__Work instruction__
Transcribe all of the data verbatim, please, and leave out its pictures.

__Given data__
____________
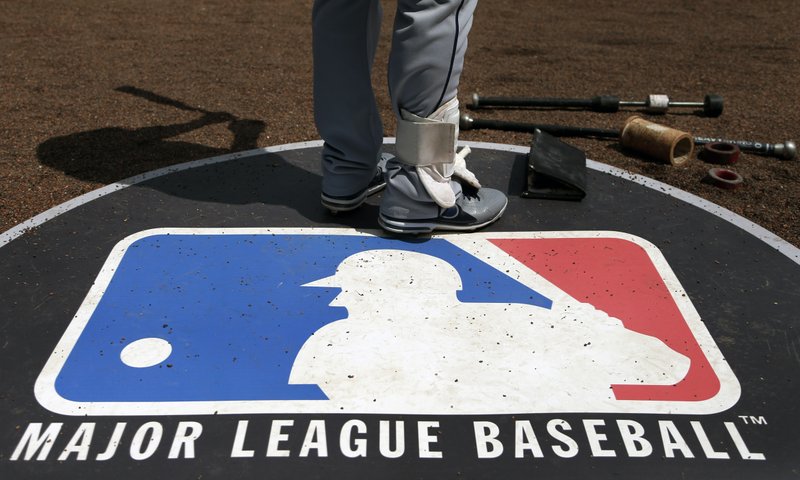File photo from April 24, 2013. The Major League Baseball logo. (AP Photo/Charles Rex Arbogast, File)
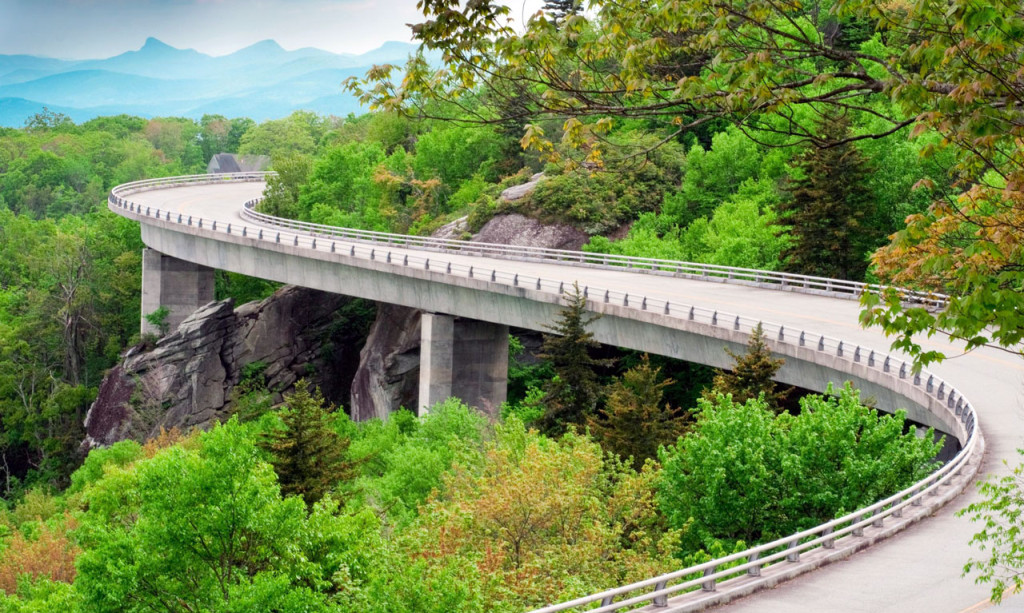 A winding road cuts around the edge of a heavily forested mountain.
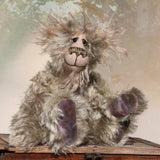 Herbie Hedge is a gentle, beautifully coloured one of a kind mohair artist bear by Barbara-Ann Bears, he stands 10 inches/25 cm tall and is 8 inches/20 cm sitting. Herbie Hedgerow is mainly made from a long, fluffy, distressed pale greyish-green mohair coupled with long, fluffy pale grey mohair and hand-dyed velvet paw pads. Herbie has hand painted eyes with eyelids, a carefully embroidered nose and he a sweet, friendly smile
____________
__Exercise solution__
File photo from April 24, 2013. The Major League Baseball logo. (AP Photo/Charles Rex Arbogast, File)
 A winding road cuts around the edge of a heavily forested mountain.
 Herbie Hedge is a gentle, beautifully coloured one of a kind mohair artist bear by Barbara-Ann Bears, he stands 10 inches/25 cm tall and is 8 inches/20 cm sitting. Herbie Hedgerow is mainly made from a long, fluffy, distressed pale greyish-green mohair coupled with long, fluffy pale grey mohair and hand-dyed velvet paw pads. Herbie has hand painted eyes with eyelids, a carefully embroidered nose and he a sweet, friendly smile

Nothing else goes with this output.